What it still does not do:
  • no cluster-wide shutdown orchestration
  • no global HA disable
  • no coordination between hosts beyond “each host handles itself”
So for a 2-node cluster, the intended setup is:
  • run NUPST on both nodes
  • use proxmoxHaPolicy: "haStop" on the Proxmox action
  • place the Proxmox action before the host shutdown action
That way each node stops its own HA/non-HA guests properly, then shuts itself down, rather than trying to evacuate workloads during a power event.

If you think parts of this should be solved differently, feel free to start a discussion about how things should be and why. We want to make nupst better for everyone.

Regards,
Phil
 
  • Like
Reactions: damiengm
Hi @philkunz
Thanks for the very detailed answer, this helps alot in how I set the thresholds up. I was on 5.6, so I upgraded to get the HaPolicy stuff. It doesn't look like there is an edit action command on the CLI so I edited the config file and restarted the service. So a suggestion would be an action edit command? (like editing the groups & ups worked great). Apart from that the changes you have quickly added (and the tool in general) means I can use this instead of figuring out NUTs.

As for how you are handling the HA/cluster environment, It think it works fine for a small environment like ours (I can have two terminals open and repeat commands as necessary). I just need it to shutdown cleanly and quickly as possible. For large clusters I cannot provide any guidance but I'm sure they would like something sitting in the Datacenter view to control it all/automate etc. Is it feasible to copy the config file to multiple nodes, (ie the ids don't cause issues if they are duplicate? It doesn't seem to me as nupst doesn't do host to host comms afaict)

BTW, our APC Smart-UPS 3000 using the Network Management Card via SNMPv1 reports runtime in ticks, not the more common minutes as suggested by your wizard. I got surprised I had 1000's of minutes left on my UPS, did I just download more battery :)? This of course may be a one off, I don't know, but it was easy to change the setup of the UPS via the CLI.

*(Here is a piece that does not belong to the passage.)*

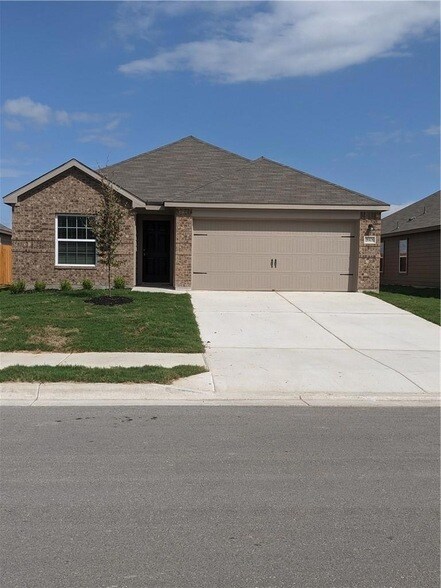 18908 Speculator Ln in Elgin, TX - Building Photo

Now I just have to find downtime to test it all. >_<

Regards
Damien
 
Hi @philkunz
Had a problem with your nupst tool the other day. I had twos hosts piugged into a switch which one of the UPS were plugged into, and I has to do a power cycle on the switch. nupst then said its current status of the UPS was unknown, and so shut down all our VMs. it did non however started a shutdown of the nodes.
Secondary, your website on code.foss.global cannot be reached, actually I can't even get to code.foss.global (CONNECTION_REFUSED)....
Regards
Damien
 
@damiengm -> code.foss.global reachability: the team did some datacenter/routing/ingress work the last few days since we got some upgrades in the uplinks. Might have been this and some outdated policy whats publicly reachable and what not was live for some time. Should be fine now. We also have new monitoring coming up that will catch those issues faster.

Regarding the nupst issue: I found the cause: Proxmox guest shutdown actions could still run when the UPS became unreachable, even though host shutdown was already protected. That is fixed in nupst now.

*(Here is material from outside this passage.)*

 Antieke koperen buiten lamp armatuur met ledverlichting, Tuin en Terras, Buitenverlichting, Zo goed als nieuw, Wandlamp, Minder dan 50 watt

The team also added a configurable fail-safe: you can now set an unknownMinutes threshold, so nupst will not act immediately on a switch/network outage, but can still shut down after the UPS has been unknown/unreachable for a configured number of minutes.

This is released as @serve.zone/nupst@5.12.0
 
Last edited:
hi @philkunz
Thanks for the quick update and code fix release, but I still can't get to code.foss.global (chrome error: ERR_CONNECTION_CLOSED) , same for community.foss.global. Regards, Damien
 
Ah yes true. We had to take it offline again. Team is currently implementing some DDOS mitigation. Somehow we got discovered by multiple scrapers at the same time on the weekend, rendering everything unusable and our ddos protection was not up for the job, and the database got hammered. Will report back, once everything is back up with mitigations in place. Sorry for the inconvenience. We will also have a mirror up on gitlab.com, that will be used as fallback by any tooling like nupst.